After applying the Porter Stemmer, the tweet should look like this: `['beauti', 'sunflow', 'sunni', 'friday', 'morn', ':)', 'sunflow', 'favourit', 'happi', 'friday', '…']`

In [12]:
tweet = processor.stem(tweet)
print(tweet)

['beauti', 'sunflow', 'sunni', 'friday', 'morn', ':)', 'sunflow', 'favourit', 'happi', 'friday', '…']


And the `process_tweet(tweet: str)` method is a shortcut for all of the above.

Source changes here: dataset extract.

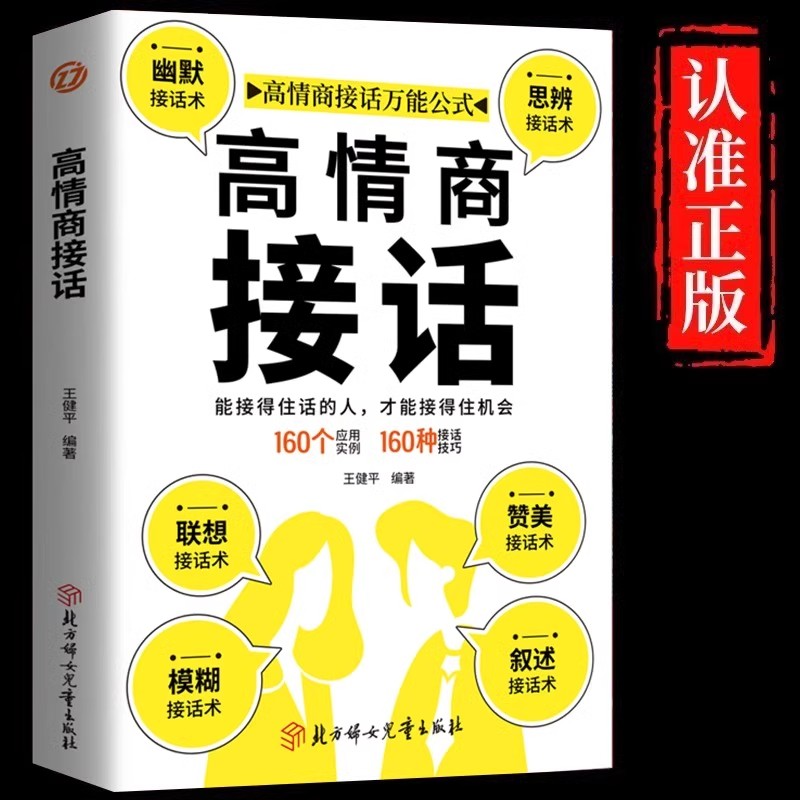 高情商接话正版能接得住话的人 才能接得住机会 一开口就让人喜欢你 高情商口才聊天术 口才训练与沟通技巧即兴演讲畅销书籍排行榜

So after a successful pipeline the input tweet should look like this:

```txt
['beauti', 'sunflow', 'sunni', 'friday', 'morn', ':)', 'sunflow', 'favourit', 'happi', 'friday', '…']
```

In [13]:
print(f"{'Tweet:':<20}{postive_tweets[i]}")
print(f"{'Processed tweet:':<20}{processor.process_tweet(postive_tweets[i])}")

Tweet:              My beautiful sunflowers on a sunny Friday morning off :) #sunflowers #favourites #happy #Friday off… https://t.co/3tfYom0N1i
Processed tweet:    ['beauti', 'sunflow', 'sunni', 'friday', 'morn', ':)', 'sunflow', 'favourit', 'happi', 'friday', '…']


When your tests run successfully, this notebook should as well deliver the expected output.

Congratulations! 🥳🚀 You just completed your first assignment!